• **Requirement**
Every line of the listing below should come back exactly as written, with no images.

• **Collected material**
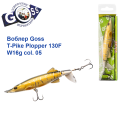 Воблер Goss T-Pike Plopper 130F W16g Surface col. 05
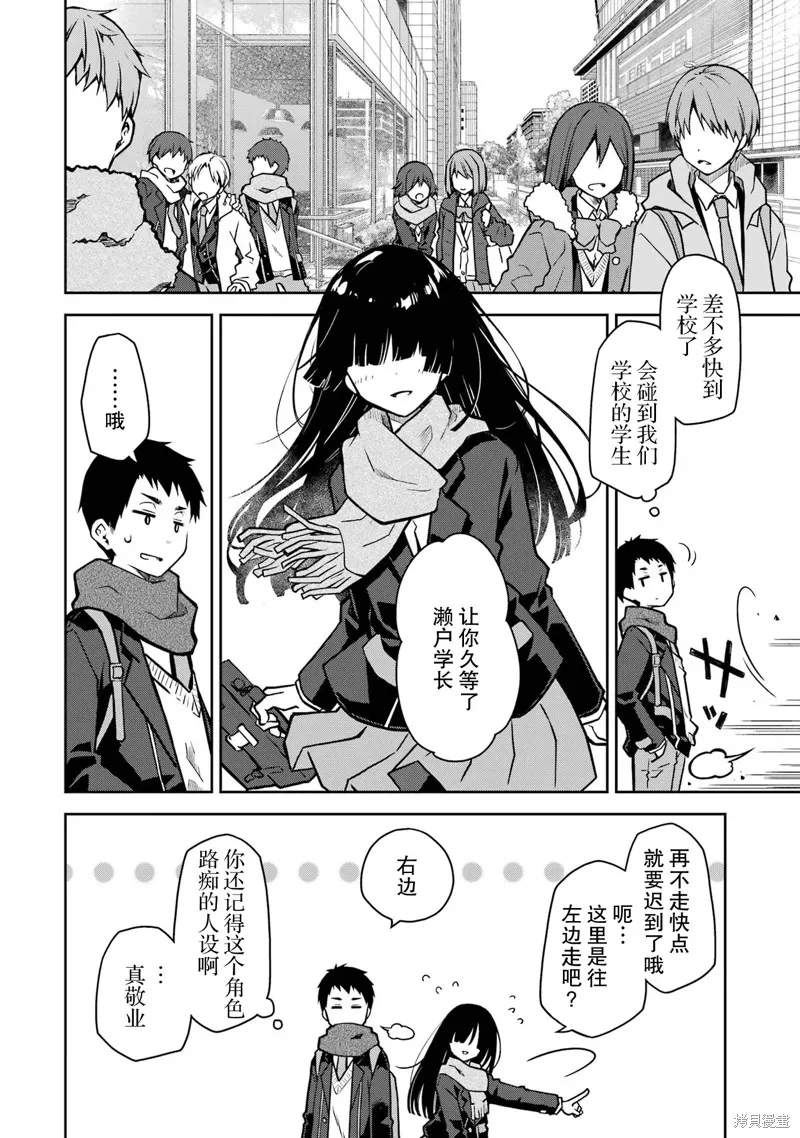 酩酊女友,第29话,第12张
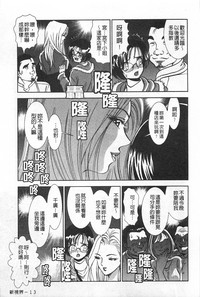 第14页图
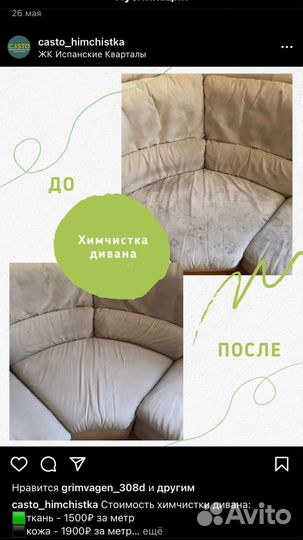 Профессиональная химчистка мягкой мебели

• **Problem solution**
 Воблер Goss T-Pike Plopper 130F W16g Surface col. 05
 酩酊女友,第29话,第12张
 第14页图
 Профессиональная химчистка мягкой мебели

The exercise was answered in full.